AIM OF THE TASK:
Once you reach the line containing "橄榄油烤大虾-BROWNSTONE布朗石西班牙餐厅(富城店)" in the data below, restate each line word for word up to and including the one containing "凯旋花园 3室2厅2卫 113.09m&sup2;".

SUPPLIED RECORDS:
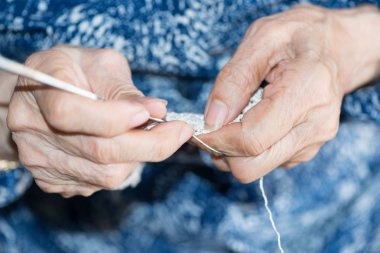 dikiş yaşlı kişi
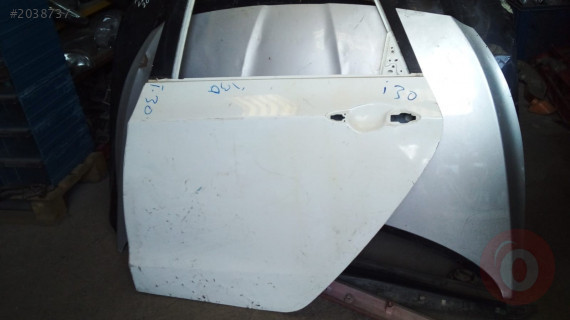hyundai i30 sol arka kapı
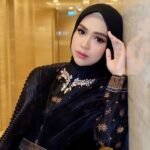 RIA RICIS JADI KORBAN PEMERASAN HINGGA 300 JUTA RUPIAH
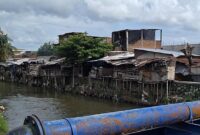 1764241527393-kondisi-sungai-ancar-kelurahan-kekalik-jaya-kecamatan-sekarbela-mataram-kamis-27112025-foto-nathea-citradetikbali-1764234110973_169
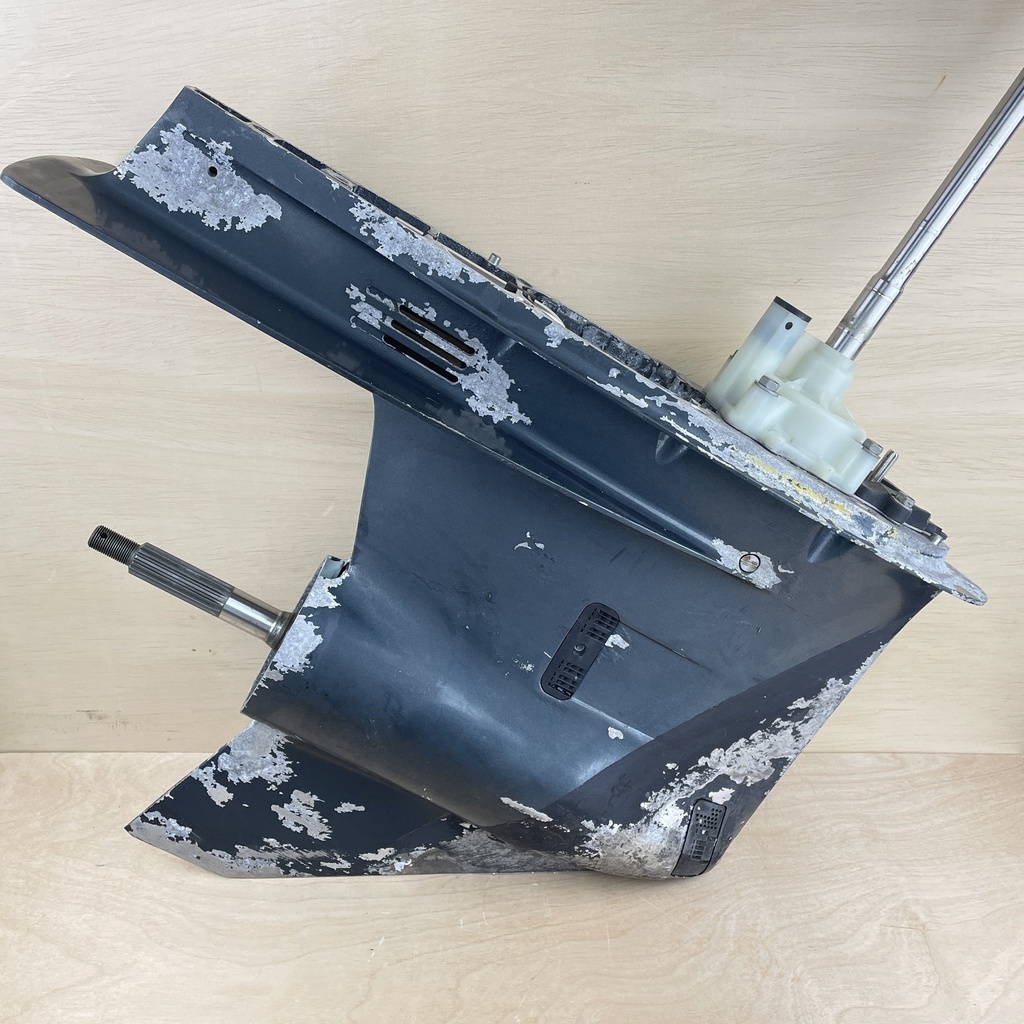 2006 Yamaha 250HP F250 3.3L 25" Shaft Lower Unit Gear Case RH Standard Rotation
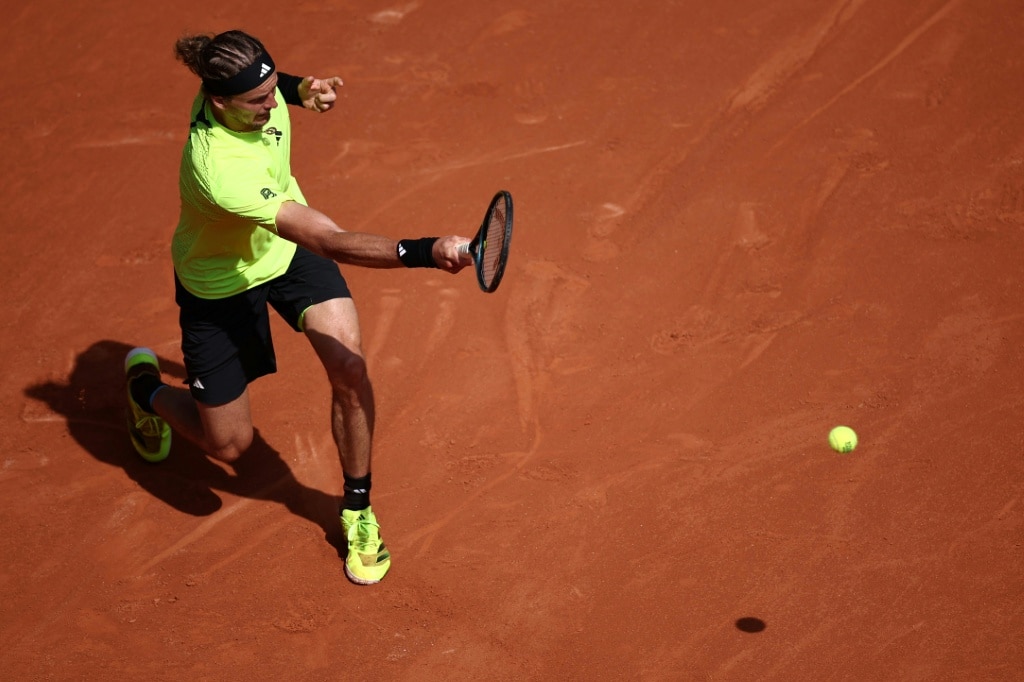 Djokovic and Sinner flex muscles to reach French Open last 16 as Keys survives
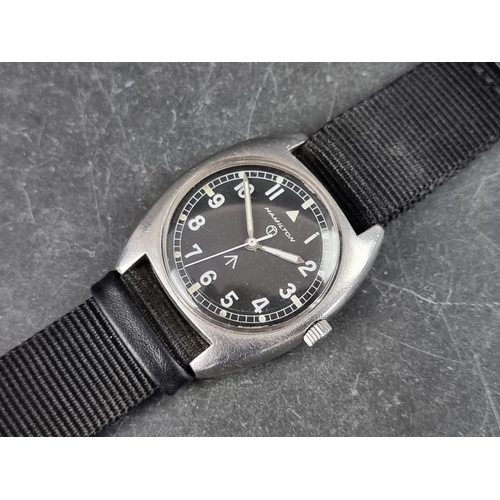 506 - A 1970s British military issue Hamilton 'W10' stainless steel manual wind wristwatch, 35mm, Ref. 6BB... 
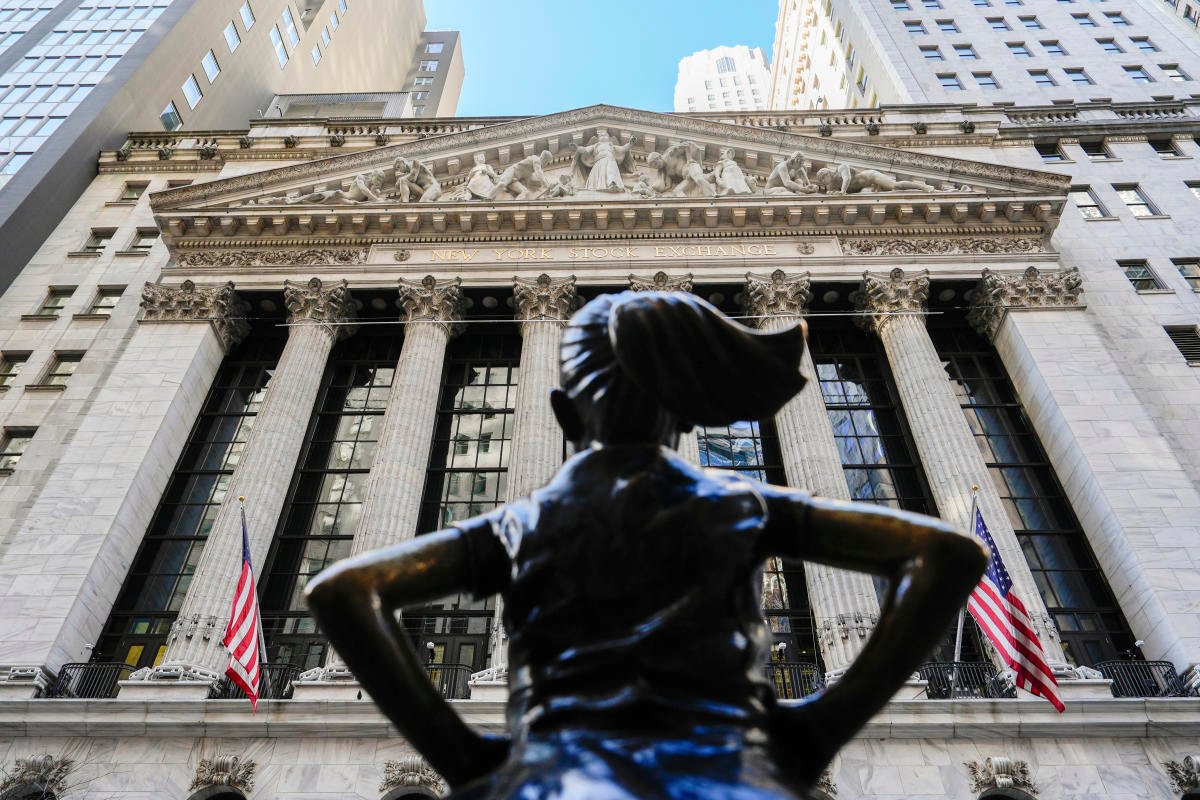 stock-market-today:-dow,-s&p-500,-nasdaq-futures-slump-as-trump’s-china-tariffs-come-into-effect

* * *

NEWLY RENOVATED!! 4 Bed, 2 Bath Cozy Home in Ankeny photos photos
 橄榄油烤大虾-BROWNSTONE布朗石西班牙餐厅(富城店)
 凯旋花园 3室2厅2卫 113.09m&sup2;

SOLUTION TO THIS EXERCISE:
 橄榄油烤大虾-BROWNSTONE布朗石西班牙餐厅(富城店)
 凯旋花园 3室2厅2卫 113.09m&sup2;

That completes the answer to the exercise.